Provide a module-level artifact cache for large-scale projects to prevent unnecessary rebuilds


(Jake Wharton) #1

Consider the case when a shared module is changed between branches for two versions, both of which are being maintained. As features are cherry-picked to and from each branch, the common module is constantly being rebuilt despite the fact it has not changed on either branch. This is because currently we have task-based incremental compilation which is far too fine grained for any kind of long-lived cache. The inputs and outputs are cached in the buildDir as transient things.

However, at the module level, we have a much more coarsely grained set of inputs and outputs. The inputs are the combination of all task-based inputs of the leaf nodes and the outputs are the artifacts of the module. These can be shared in a larger, semi-persistent cache.

With this, in the aforementioned scenario, the common module that exists as two very different things on each branch are only ever built once. Additionally, this module-level input and output system allows for skipping executing entire module task graphs (even if they all will only be skipped).

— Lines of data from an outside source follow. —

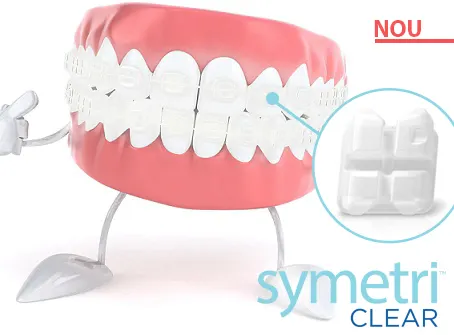 Machetă dentară cu aparat fizionomic Symetri Clear™, cu brackeți transparenți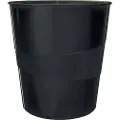 Leitz WOW - Avfallskurv - 15 L - håndtak - polypropylen (PP) - svart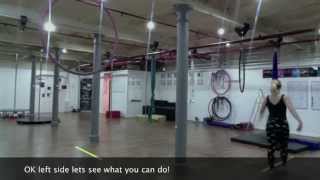 Aerial Silks same side straddle climb training #1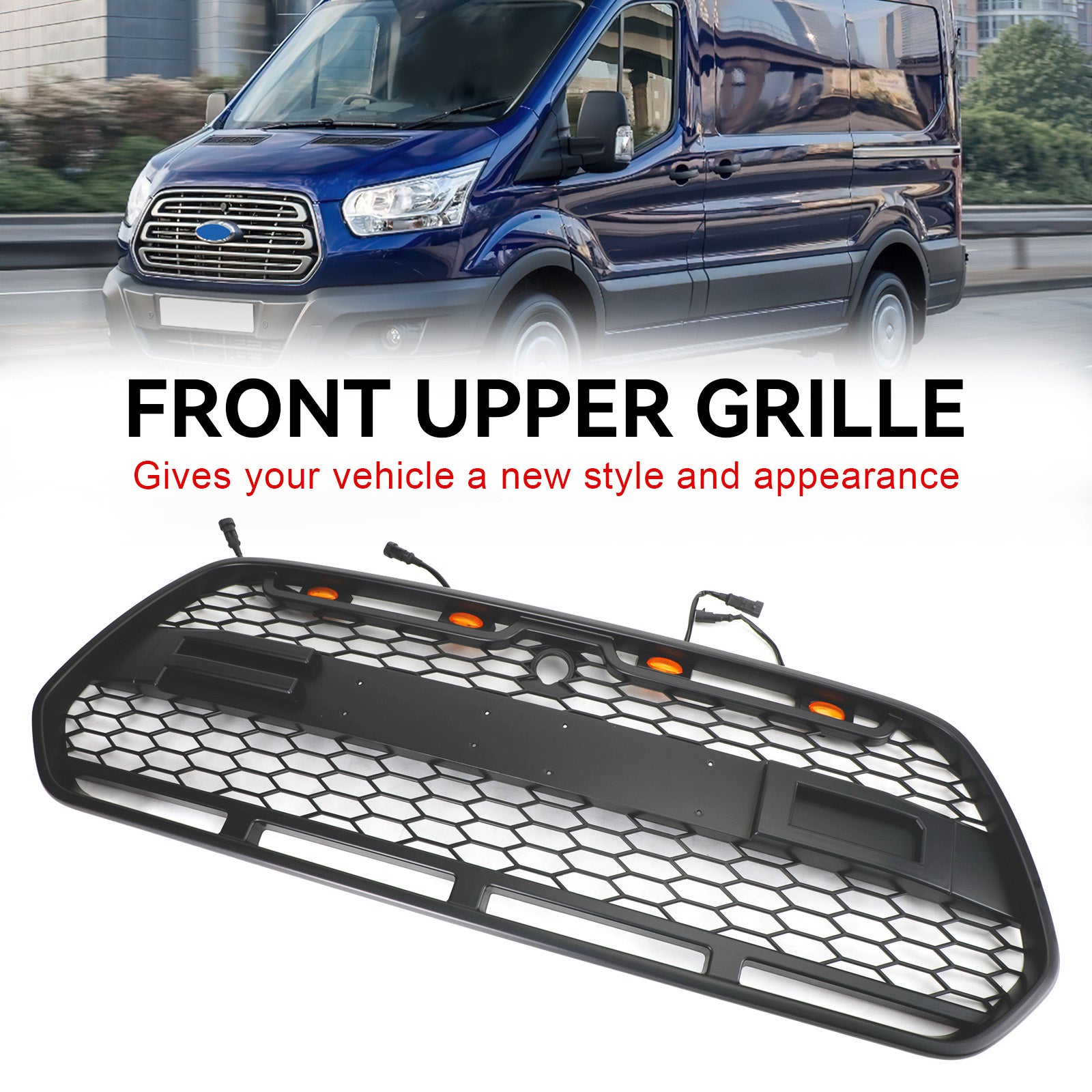 Matt Black Front Bumper Grille Grill w/LED Fit Ford Transit MK8 2015-2018 Raptor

Here’s another scenario: Do a clean build of an entire project. Make some changes and do another build. A few of the untouched modules are quickly skipped and you get incremental compilation of the changed modules. Now undo the changes you make and run a build. Every module is skipped because you have reverted to a state in which every module’s inputs match that of a previous build and therefore the cached module artifacts are swapped in for an instant completion.

Since we don’t want the cache to grow indefinitely, it should behavior in an LRU fashion and evict artifacts which are not used for some time. Additionally, companies with modules that number in the hundreds would benefit from a centralized remote cache which would be a fallback on local cache miss. This would allow big beefy boxes to build all the things and cache all the things on a less resource-constrained system.

While seemingly only applicable to large projects, I think and hope the entire-module skipping functionality would help medium sized projects to have quicker builds as well.